With the state on track to reach its goal of fully vaccinating 4.1 million residents by early June, Gov. Charlie Baker said Massachusetts would begin to dial back its reliance on mass vaccination sites and increase vaccine distribution to regional sites, mobile clinics and primary care providers to reach people who have not yet received the vaccine.
More than 2.6 million people in Massachusetts have been fully vaccinated against the COVID-19 virus, and over 70 percent of adult residents have received at least one dose, with more 85,000 doses a day being administered.
But with appointments available around the state as supply has caught up with demand, Baker said Monday at a State House press conference that his administration would begin to shift its strategy away from pushing vaccine through high-capacity mass vaccination sites at venues like Gillette Stadium.
"It's time to adapt our vaccination effort to make sure we get to some of the harder to reach populations," Baker said.
The governor said the new strategy would feature more doses going to the 22 regional vaccine collaboratives and expanding the use of mobile clinics, especially in hard-hit communities of color where rates of vaccination are lower.

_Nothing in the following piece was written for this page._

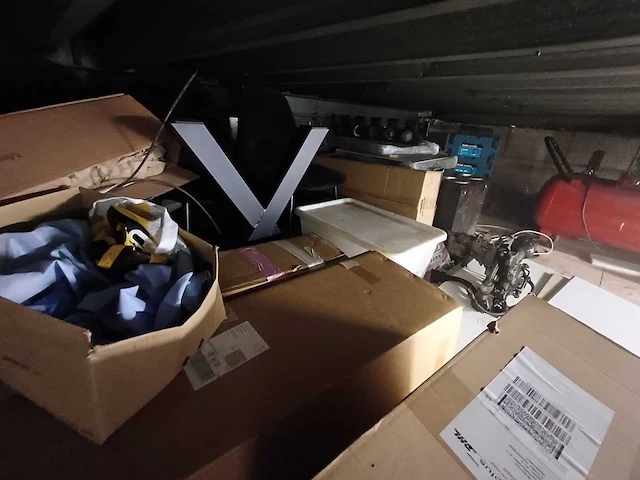 Auto onderdelen / banden - afbeelding 17 van  27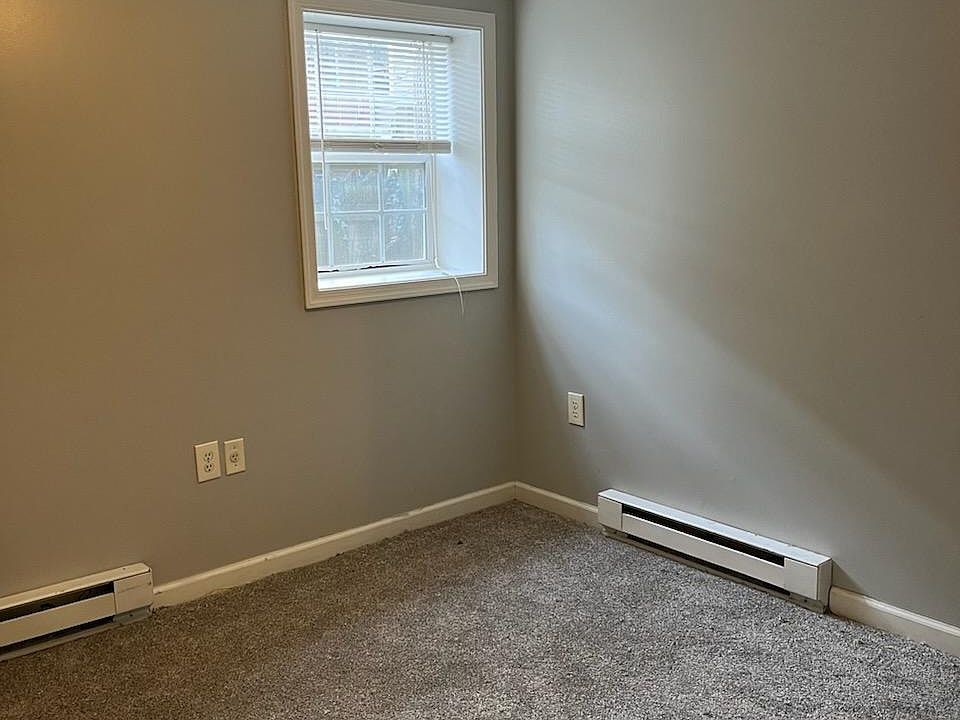 Bedroom (1 of 2)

The administration is also talking with the Massachusetts Medical Society to work through vaccine storage and appointment scheduling logistics to begin to increase supplies to primary care providers by the middle of May.
With more doses going to community-based providers, Baker said four mass vaccination sites - Gillette Stadium, Danvers Doubletree hotel, Hynes Convention Center and the Natick Mall - would close by the end of the June.
Lt. Gov. Karyn Polito said the pre-registration system that has been used to book appointments at these sites will remain in operation, including for parents who may want to have their children aged 12 to 15 vaccinated if regulators approve the shot for younger children in the coming months.